Trump’s use of taxpayer-funded transportation to post a political message raises some legal and ethics questions. But possibly the greatest crime, some experts say, is the breakdown of norms.
“It’s entirely inappropriate, and it is against historical norms for a president to be campaigning from Air Force One,” said Paul S. Ryan, vice president of policy and litigation at Common Cause, a nonpartisan watchdog group. “Most presidents have had enough respect for the office to try to separate campaigning from formal duties. Donald Trump is not such a president.”
The president and the vice president are exempt from the Hatch Act, the law forbidding executive branch officials from participating in certain political activities. They are, however, bound by campaign finance rules, but those are rarely enforced.
Trump made the video while traveling to a fundraiser in New York. According to campaign finance laws, his campaign is required to pay the American people back for that flight. If he did official business as part of that trip, then there’s a formula the government uses to determine how much the campaign still owes.
“While an incumbent president has considerable leeway in mixing official expenses for security purposes with campaign expenses, the video itself has no other purpose than serving as a campaign ad,” said Craig Holman of consumer advocacy organization Public Citizen. “It is very reasonable to expect Trump’s campaign to shoulder the cost of the video.”

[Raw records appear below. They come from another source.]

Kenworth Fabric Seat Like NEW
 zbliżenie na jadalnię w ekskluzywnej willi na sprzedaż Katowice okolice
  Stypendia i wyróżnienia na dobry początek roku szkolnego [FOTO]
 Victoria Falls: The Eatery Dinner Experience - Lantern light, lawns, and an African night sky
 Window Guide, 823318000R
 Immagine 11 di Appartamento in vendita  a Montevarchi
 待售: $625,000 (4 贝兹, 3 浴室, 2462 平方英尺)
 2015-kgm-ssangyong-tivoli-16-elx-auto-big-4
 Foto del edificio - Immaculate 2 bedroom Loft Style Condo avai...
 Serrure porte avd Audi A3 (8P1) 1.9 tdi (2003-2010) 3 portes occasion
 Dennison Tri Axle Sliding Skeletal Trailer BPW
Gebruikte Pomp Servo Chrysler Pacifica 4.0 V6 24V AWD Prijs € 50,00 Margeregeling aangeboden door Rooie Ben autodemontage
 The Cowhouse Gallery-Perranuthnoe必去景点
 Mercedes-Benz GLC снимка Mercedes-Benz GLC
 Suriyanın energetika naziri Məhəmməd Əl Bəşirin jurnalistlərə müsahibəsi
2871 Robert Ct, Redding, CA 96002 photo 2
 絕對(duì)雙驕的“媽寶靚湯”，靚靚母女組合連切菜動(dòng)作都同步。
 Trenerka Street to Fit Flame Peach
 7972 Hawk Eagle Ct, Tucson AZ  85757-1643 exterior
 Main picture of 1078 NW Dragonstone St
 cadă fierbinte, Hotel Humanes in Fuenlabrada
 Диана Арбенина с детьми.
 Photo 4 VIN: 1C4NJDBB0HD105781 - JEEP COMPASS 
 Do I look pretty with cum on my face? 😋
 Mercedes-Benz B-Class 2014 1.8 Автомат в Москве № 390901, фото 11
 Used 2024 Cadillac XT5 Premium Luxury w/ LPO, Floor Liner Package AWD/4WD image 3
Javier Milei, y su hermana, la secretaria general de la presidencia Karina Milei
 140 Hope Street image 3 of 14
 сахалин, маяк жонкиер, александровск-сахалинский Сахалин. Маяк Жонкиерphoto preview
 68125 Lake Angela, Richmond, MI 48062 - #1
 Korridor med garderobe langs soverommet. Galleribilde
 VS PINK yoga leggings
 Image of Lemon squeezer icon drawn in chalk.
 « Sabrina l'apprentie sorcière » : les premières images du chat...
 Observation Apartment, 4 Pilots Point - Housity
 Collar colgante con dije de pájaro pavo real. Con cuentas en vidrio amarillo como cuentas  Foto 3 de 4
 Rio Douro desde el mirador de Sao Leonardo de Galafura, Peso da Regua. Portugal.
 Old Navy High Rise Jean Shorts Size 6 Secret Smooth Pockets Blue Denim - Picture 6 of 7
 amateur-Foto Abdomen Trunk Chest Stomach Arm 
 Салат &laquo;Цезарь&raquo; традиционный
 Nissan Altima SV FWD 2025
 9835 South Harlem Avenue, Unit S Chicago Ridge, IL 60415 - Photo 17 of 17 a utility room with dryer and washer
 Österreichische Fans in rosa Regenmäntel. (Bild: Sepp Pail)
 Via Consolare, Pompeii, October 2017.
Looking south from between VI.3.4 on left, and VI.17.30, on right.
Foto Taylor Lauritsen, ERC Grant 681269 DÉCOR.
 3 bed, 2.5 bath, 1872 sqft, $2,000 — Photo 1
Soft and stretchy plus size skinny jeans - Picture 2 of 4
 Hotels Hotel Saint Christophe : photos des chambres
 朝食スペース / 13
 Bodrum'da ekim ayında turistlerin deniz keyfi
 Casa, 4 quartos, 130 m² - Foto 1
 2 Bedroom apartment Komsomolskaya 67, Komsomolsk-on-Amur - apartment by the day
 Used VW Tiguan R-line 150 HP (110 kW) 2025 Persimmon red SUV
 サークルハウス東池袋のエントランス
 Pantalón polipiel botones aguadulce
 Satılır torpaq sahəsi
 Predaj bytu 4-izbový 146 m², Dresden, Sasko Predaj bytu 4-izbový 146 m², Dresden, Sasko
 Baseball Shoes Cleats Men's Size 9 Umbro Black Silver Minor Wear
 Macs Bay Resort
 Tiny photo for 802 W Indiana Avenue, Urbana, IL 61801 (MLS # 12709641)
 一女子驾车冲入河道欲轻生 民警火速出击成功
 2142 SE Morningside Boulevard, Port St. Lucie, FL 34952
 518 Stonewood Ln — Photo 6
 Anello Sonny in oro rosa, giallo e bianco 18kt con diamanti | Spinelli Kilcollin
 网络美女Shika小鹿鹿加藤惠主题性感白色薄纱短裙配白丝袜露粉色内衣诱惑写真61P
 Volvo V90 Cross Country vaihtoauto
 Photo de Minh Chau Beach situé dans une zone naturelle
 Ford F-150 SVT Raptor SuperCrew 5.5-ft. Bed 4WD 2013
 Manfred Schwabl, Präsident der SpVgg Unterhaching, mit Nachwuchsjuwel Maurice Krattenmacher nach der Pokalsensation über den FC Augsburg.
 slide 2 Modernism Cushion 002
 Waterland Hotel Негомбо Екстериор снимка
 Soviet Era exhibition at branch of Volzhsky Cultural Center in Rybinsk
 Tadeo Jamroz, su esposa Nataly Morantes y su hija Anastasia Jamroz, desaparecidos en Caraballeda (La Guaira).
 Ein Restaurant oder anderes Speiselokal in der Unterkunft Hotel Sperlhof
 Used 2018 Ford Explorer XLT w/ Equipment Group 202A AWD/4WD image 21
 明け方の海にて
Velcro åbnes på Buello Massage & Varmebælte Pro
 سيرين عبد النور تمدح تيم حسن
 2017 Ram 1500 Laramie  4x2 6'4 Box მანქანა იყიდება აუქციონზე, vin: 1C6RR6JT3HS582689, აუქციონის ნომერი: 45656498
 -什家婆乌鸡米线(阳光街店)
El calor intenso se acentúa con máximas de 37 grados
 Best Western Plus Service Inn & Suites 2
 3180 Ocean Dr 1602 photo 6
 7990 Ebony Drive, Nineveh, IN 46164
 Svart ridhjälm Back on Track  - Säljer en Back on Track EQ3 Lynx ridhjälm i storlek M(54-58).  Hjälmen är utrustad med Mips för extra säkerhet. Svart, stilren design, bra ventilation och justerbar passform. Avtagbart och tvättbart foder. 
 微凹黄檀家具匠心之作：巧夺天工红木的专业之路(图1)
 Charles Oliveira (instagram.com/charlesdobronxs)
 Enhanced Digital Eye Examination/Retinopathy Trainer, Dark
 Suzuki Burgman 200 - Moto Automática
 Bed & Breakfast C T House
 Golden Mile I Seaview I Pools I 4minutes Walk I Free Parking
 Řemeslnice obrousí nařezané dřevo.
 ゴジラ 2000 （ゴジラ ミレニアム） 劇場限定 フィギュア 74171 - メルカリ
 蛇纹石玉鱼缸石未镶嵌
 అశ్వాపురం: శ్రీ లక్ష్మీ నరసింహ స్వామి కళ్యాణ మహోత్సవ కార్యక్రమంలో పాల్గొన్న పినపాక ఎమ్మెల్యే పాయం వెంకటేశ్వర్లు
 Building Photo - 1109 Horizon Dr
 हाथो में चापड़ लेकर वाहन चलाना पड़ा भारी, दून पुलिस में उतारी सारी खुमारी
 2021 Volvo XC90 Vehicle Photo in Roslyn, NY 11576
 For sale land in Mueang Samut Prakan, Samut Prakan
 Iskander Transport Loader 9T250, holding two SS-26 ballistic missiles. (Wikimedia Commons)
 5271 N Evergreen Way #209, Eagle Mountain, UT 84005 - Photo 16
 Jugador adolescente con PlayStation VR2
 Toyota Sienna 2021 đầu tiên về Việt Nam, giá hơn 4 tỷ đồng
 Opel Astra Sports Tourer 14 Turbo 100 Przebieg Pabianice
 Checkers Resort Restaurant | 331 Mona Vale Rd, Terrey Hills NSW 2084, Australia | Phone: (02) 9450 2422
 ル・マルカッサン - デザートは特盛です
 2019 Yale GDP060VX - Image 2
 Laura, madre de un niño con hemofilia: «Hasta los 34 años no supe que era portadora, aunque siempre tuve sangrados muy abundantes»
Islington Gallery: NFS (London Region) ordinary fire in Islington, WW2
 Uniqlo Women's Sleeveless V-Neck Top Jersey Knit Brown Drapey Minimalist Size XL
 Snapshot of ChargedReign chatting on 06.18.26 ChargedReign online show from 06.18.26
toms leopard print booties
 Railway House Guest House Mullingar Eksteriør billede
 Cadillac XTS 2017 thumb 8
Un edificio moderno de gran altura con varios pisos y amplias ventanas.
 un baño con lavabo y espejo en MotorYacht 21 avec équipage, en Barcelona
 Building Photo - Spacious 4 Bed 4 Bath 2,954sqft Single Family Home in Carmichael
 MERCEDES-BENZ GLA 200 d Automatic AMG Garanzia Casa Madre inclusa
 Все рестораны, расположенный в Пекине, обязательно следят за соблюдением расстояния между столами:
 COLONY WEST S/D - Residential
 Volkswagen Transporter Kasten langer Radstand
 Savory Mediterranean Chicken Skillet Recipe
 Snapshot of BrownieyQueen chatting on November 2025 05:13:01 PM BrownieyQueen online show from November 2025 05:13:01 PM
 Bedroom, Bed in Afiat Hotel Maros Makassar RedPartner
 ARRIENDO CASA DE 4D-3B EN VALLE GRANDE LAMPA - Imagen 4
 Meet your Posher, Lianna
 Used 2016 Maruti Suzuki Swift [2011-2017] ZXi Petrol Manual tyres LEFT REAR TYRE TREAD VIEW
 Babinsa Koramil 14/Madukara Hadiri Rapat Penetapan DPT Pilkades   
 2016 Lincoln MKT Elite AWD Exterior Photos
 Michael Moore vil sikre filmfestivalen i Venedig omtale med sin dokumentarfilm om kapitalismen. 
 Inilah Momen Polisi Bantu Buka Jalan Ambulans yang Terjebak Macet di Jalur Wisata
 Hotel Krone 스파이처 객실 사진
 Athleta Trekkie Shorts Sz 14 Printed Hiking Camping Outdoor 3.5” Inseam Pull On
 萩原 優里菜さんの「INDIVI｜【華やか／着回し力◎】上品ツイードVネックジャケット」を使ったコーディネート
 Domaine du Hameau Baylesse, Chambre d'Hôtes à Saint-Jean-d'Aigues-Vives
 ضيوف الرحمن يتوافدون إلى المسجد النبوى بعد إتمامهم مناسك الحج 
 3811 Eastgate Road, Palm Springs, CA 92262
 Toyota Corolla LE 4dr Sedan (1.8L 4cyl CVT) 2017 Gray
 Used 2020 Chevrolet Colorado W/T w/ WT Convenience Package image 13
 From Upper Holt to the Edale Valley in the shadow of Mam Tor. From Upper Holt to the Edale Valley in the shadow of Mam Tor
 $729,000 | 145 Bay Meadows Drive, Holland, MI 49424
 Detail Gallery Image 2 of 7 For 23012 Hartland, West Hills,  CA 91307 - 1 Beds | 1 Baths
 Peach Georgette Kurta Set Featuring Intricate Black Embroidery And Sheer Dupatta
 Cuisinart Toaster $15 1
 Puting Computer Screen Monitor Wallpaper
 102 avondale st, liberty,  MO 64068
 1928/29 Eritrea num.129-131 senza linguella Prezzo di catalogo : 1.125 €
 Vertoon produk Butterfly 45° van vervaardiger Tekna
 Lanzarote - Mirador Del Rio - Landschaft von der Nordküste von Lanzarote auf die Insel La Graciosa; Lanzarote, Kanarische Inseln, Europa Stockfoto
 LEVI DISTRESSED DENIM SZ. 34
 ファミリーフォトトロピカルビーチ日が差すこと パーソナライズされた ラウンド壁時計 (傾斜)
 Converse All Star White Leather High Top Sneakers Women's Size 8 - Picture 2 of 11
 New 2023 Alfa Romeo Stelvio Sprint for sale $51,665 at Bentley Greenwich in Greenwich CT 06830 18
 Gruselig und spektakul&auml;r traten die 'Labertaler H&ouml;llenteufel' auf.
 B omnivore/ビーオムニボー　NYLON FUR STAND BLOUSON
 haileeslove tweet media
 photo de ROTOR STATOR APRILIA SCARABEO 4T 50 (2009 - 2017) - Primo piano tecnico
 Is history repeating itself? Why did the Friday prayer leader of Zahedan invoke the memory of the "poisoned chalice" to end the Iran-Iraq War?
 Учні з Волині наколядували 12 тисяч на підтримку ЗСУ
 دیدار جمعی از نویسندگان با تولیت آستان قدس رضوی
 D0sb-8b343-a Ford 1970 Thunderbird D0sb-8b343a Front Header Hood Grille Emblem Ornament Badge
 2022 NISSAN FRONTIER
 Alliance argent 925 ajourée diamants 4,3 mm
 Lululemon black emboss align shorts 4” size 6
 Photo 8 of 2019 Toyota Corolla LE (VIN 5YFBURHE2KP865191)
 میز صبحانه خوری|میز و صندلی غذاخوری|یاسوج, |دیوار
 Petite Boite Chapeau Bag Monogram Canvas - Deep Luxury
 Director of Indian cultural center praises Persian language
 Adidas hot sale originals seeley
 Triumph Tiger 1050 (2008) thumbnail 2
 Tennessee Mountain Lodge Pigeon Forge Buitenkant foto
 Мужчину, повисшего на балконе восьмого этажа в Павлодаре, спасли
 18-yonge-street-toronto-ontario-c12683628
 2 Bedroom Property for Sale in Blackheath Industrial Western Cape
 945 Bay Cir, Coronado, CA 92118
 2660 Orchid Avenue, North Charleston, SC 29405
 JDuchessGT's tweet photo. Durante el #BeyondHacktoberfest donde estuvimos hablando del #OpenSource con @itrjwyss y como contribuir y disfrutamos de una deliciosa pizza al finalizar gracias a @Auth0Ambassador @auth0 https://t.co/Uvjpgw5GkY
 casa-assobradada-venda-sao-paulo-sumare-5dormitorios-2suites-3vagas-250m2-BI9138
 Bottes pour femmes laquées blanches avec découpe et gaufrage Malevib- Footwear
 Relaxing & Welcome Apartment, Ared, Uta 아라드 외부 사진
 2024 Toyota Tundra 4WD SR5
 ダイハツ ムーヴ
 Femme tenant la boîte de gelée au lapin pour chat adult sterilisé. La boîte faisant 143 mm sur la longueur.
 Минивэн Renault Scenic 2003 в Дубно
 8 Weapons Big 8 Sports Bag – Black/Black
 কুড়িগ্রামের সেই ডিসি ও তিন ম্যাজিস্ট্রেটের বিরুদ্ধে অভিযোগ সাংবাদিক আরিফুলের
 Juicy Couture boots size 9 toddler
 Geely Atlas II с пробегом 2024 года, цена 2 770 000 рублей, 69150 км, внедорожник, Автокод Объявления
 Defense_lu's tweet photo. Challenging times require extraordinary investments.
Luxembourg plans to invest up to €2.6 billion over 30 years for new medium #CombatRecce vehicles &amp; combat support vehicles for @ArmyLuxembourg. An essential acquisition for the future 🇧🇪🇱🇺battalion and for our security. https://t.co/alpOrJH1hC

After Trump, or an aide, posted the video blasting de Blasio, the watchdog group Citizens for Responsibility and Ethics in Washington, or CREW, tweeted: “Nice political ad filmed on Air Force One. You now legally need to reimburse the Treasury for the use of Air Force One on a political trip. Since you had no problem tweeting out the video, you should have no problem tweeting out the receipts when you reimburse the taxpayers.”
But even more than the potential campaign finance violation, Virginia Canter, CREW’s chief ethics counsel, said what bothers her most is the president’s use of the presidential seal in a political pitch.
It is actually illegal under the U.S. code to use the seal “for the purpose of conveying, or in a manner reasonably calculated to convey, a false impression of sponsorship or approval by the Government of the United States.”
Canter said the president has discretion over how the seal is used, but only in respect to his official activities.
“I think it raises the specter of whether a violation occurred,” she said. “It gives the imprimatur that it’s the statement of the United States. . . . It communicates that it’s an official action, when it wasn’t.”
Canter said she was also bothered by the backdrop of Air Force One for political purposes. She said she considers it hallowed ground — the place where Lyndon B. Johnson took the presidential oath of office just after John F. Kennedy was killed.
“This is serious to me,” she said.
But based on past events, these experts say, neither Trump nor his staff will be held accountable.
The penalties for breaking the Hatch Act range from a formal reprimand to job termination. For a White House employee, the Office of Special Counsel makes a recommendation of a penalty to the president and it’s up to him to act on it, Ryan said.
“Senior administration has repeatedly violated the Hatch Act, so they’ve gotten reprimands from the Office of Special Counsel, but they keep doing it over and over again,” Ryan said. “The problem is that the president doesn’t care about ethics laws.”